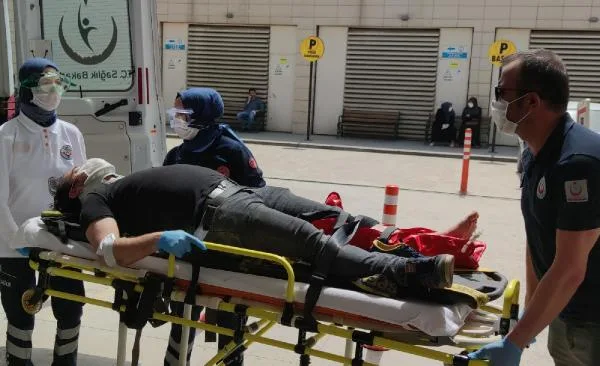 Dün satın aldığı motosikletiyle kaza yaptı, bacağı kırıldı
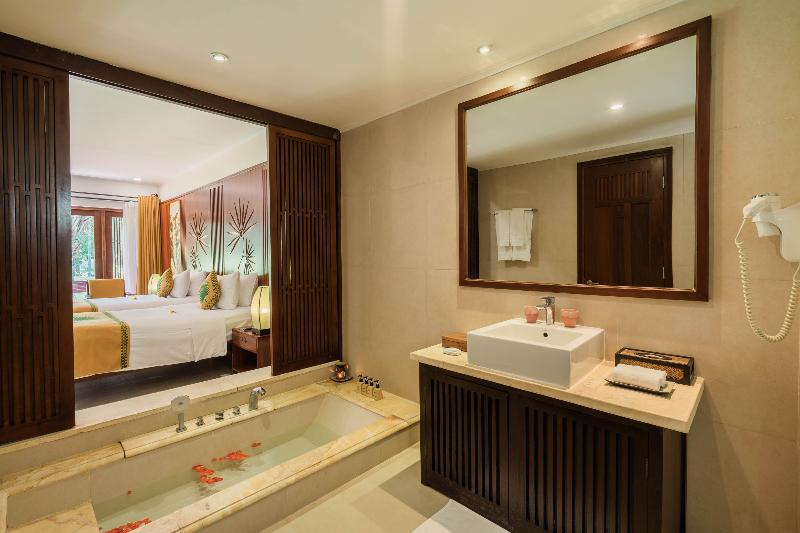 اتاق لوکس با چشمانداز باغ, Palm Garden Beach Resort & Spa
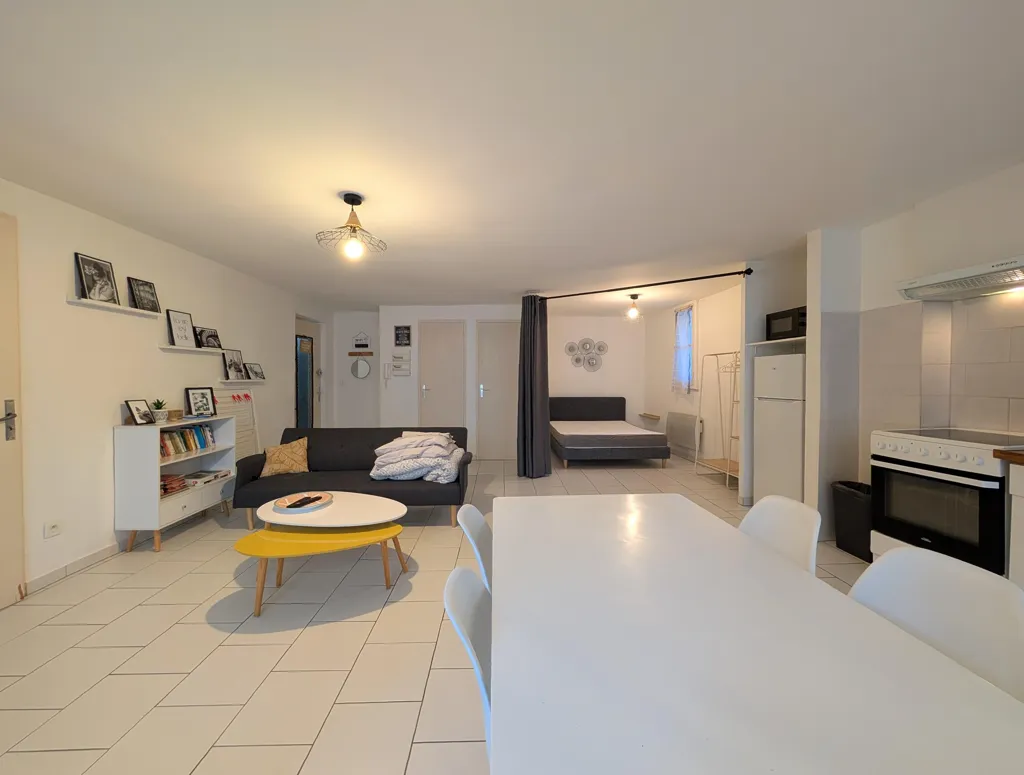 Elutuba - Duplex Building with Two Apartments in Pézenas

Required action: From the data above, write out everything exactly except the pictures.

Written answer:
 Dün satın aldığı motosikletiyle kaza yaptı, bacağı kırıldı
 اتاق لوکس با چشمانداز باغ, Palm Garden Beach Resort & Spa
 Elutuba - Duplex Building with Two Apartments in Pézenas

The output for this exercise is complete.